I’ve been making glass for a long time. Long enough to have watched thousands of couples choose their colors, pour their crystals together at the altar, and eventually send them back to me so I can transform them into something they’ll keep for the rest of their lives.
I’ve also heard a lot of stories about what went wrong with other unity ceremonies.
The sand that got jostled on the way to the reception and turned into a jar of muddy rainbow. The candle that wouldn’t light because of the breeze coming off the water at the outdoor venue. The beautiful layered display that looked perfect in the ceremony photos and then sat in a closet because, well, what do you actually do with a jar of sand?
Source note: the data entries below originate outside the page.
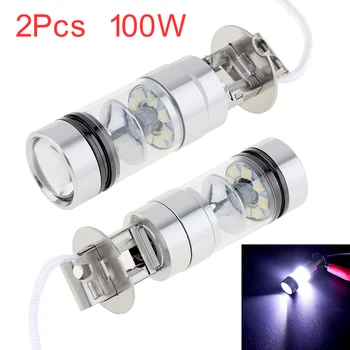 

Car Light 2Pcs / lot H3 100W 12V Bright LED White Fog Tail DRL Head Car Light Lamp Bulb Car Fog Light Blubs Car Light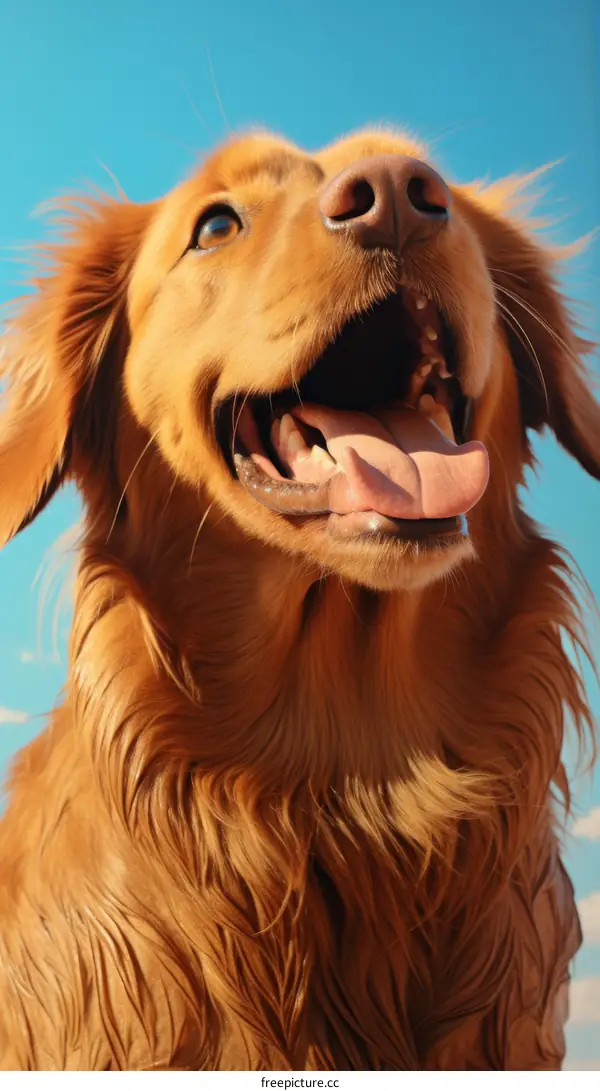 A golden retriever dog is looking up with its mouth open and tongue out.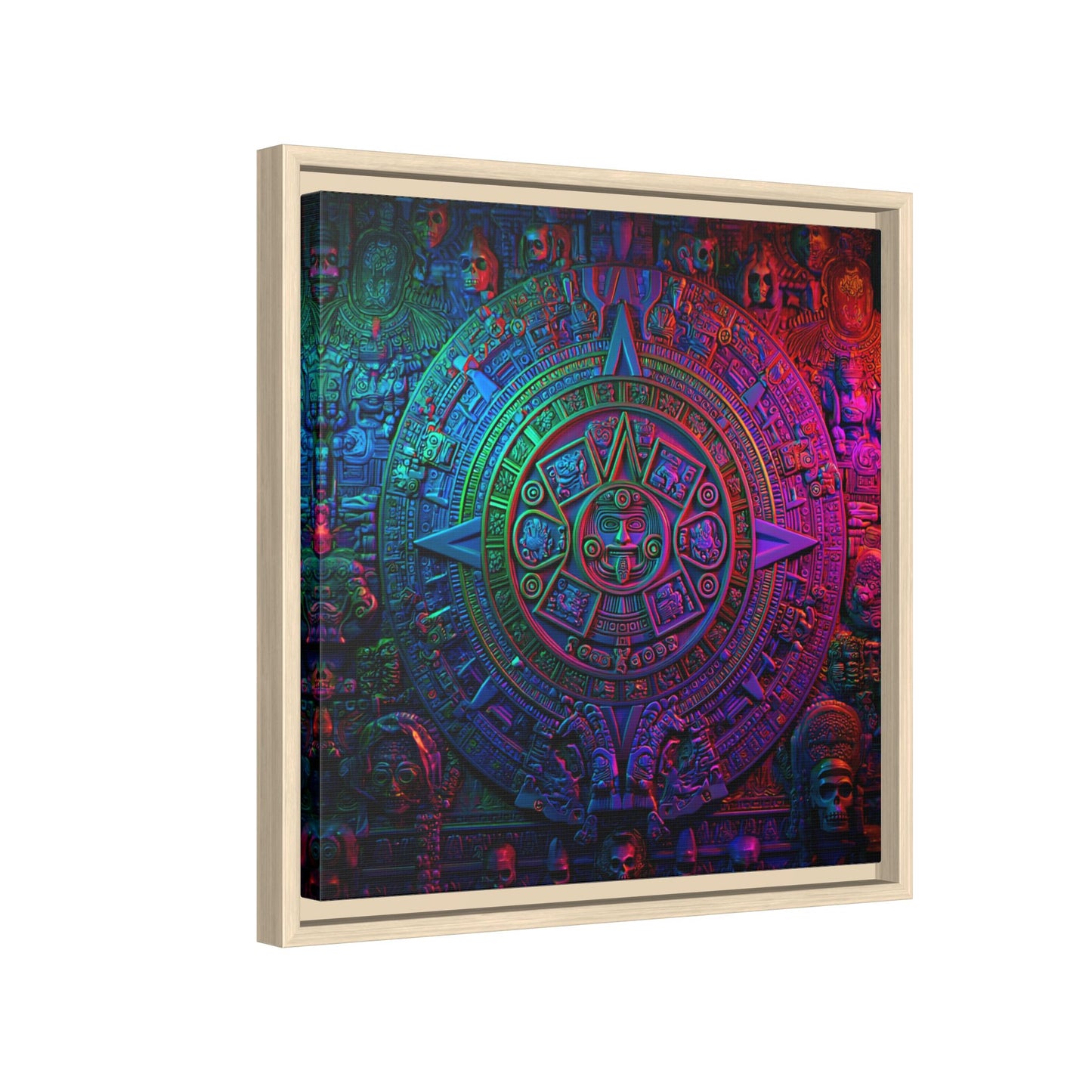 Aztec Mandala Wall Art - Colorful Cultural Decor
I don’t say any of this to be harsh about other traditions. Sand ceremonies are meaningful to a lot of people, and candles carry real symbolism. But when Lee Ware created the glass unity ceremony, he was trying to solve a problem: what if the thing you made together on your wedding day was actually as lasting and beautiful as the love it represented?
Glass is one of the only truly inert materials on earth. Unless it’s broken, ground, or eroded, it doesn’t change. It doesn’t fade. It doesn’t separate back into its original colors over time. The piece I make from your crystals will look the same on your 50th anniversary as it does the day it arrives at your door. It might collect a little dust and a few dings along the way. But don’t we all?
There’s something else about glass that I’ve always felt and struggled to put into words. It’s a material that’s simultaneously solid and fluid, ancient and modern, fragile-looking and genuinely durable. It holds light differently depending on the time of day. It has a kind of ghostly, ethereal quality that I don’t think any other material quite matches. When I’m working at the furnace and watching colors blend and move, I’m reminded every single time why this material is worth building a tradition around.

And then there’s the thing that makes us genuinely different from any other unity ceremony option, sand, candle, wine, or otherwise.
We save a portion of every couple’s glass. Indefinitely.

That means on your third anniversary, or your fifth, or your twentieth, you can come back to us for an ornament, a pendant, a ring bowl, or a paperweight made from your exact original blend. The colors you chose together. The crystals you poured at your ceremony. We still have them.
No one else in this category can say that.
A client said something to me once that I’ve never forgotten. She told me she chose us because “sand spills, candles melt, but glass is forever.”
I’ve been making glass for a long time. I couldn’t have said it better myself.
Nick Billalba is the co-owner and glassmaker at Unity in Glass®, the original glass unity ceremony.